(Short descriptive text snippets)
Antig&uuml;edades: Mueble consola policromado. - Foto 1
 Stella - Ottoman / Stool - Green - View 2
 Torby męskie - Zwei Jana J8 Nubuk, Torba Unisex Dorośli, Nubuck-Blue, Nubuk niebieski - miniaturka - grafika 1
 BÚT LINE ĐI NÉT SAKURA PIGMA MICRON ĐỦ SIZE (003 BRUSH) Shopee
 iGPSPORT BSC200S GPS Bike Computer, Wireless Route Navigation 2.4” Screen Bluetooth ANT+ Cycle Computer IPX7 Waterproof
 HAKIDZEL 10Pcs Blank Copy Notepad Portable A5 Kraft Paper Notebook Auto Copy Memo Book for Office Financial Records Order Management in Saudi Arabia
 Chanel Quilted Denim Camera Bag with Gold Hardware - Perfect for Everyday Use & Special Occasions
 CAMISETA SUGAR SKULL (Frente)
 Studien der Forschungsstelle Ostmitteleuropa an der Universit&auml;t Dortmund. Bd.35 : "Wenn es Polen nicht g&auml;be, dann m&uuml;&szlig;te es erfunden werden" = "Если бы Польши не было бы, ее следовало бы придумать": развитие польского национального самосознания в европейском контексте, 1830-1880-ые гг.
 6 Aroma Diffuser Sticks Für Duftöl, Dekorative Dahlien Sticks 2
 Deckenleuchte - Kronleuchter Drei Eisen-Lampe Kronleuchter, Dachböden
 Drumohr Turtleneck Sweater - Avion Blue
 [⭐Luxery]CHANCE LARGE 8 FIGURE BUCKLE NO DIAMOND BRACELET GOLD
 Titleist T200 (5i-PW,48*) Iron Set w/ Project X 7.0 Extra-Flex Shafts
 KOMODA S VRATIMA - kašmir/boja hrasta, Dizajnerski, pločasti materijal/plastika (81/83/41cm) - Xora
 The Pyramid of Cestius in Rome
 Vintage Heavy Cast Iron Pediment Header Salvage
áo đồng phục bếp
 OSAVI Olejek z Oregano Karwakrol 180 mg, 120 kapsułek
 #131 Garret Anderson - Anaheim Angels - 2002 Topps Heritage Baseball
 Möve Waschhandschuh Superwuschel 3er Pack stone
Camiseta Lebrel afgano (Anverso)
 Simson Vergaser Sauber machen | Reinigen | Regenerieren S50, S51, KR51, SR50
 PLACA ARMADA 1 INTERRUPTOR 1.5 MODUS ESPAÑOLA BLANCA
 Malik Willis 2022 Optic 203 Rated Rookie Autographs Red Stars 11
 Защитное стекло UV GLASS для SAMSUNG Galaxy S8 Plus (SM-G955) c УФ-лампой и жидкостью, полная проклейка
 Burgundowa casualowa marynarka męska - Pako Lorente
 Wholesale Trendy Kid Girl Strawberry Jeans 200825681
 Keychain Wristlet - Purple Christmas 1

**Problem**
The line containing "Simson Vergaser Sauber" and every line after it, through the end of the records, should be repeated exactly and alone.

**Output for this exercise**
 Simson Vergaser Sauber machen | Reinigen | Regenerieren S50, S51, KR51, SR50
 PLACA ARMADA 1 INTERRUPTOR 1.5 MODUS ESPAÑOLA BLANCA
 Malik Willis 2022 Optic 203 Rated Rookie Autographs Red Stars 11
 Защитное стекло UV GLASS для SAMSUNG Galaxy S8 Plus (SM-G955) c УФ-лампой и жидкостью, полная проклейка
 Burgundowa casualowa marynarka męska - Pako Lorente
 Wholesale Trendy Kid Girl Strawberry Jeans 200825681
 Keychain Wristlet - Purple Christmas 1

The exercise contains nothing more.